WHAT IS NEEDED
From the line containing "RESKIT RS32-0564 EGBU-15" to the line containing "Sola Golden Wheat" in the entries below, reproduce every line exactly, ends included. Nothing else belongs in the copy, and no pictures.

DATA EXTRACTS
# # #
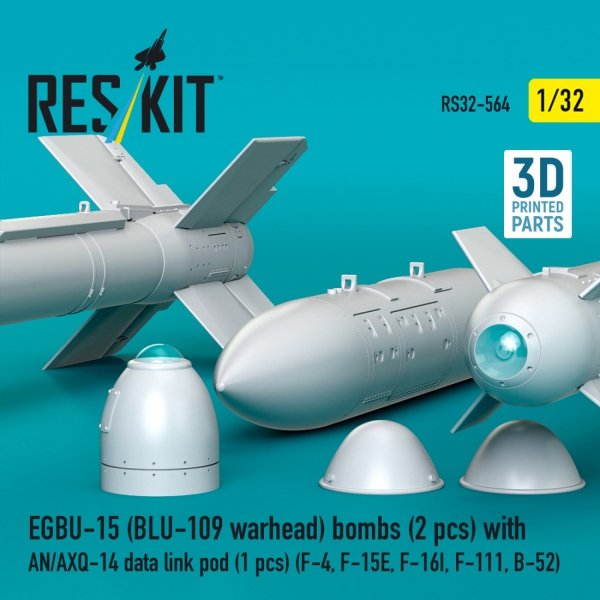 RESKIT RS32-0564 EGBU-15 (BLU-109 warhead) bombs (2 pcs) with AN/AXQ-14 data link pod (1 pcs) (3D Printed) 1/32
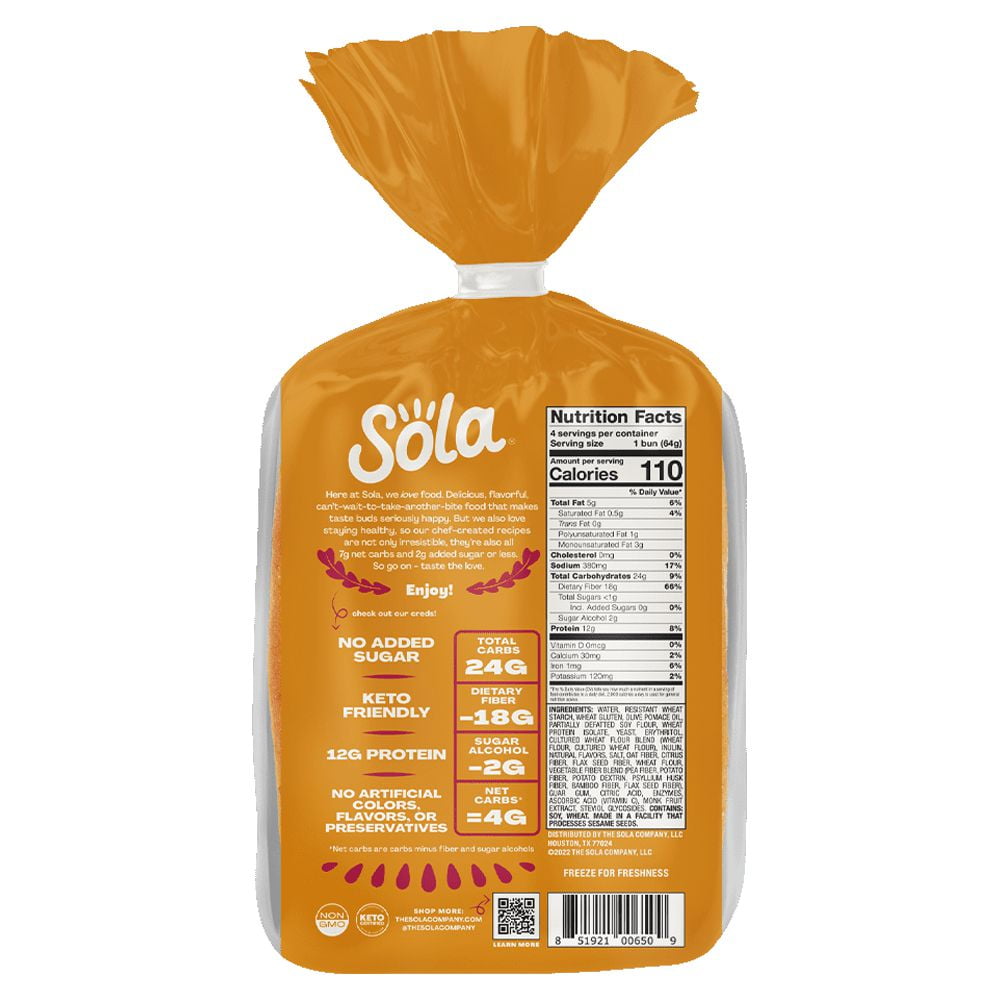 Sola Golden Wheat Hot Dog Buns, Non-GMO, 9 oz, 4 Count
# # #
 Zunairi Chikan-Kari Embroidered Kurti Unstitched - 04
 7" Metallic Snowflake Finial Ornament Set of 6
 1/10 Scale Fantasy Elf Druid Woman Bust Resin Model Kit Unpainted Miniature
# # #
ANSWER BOX
 RESKIT RS32-0564 EGBU-15 (BLU-109 warhead) bombs (2 pcs) with AN/AXQ-14 data link pod (1 pcs) (3D Printed) 1/32
 Sola Golden Wheat Hot Dog Buns, Non-GMO, 9 oz, 4 Count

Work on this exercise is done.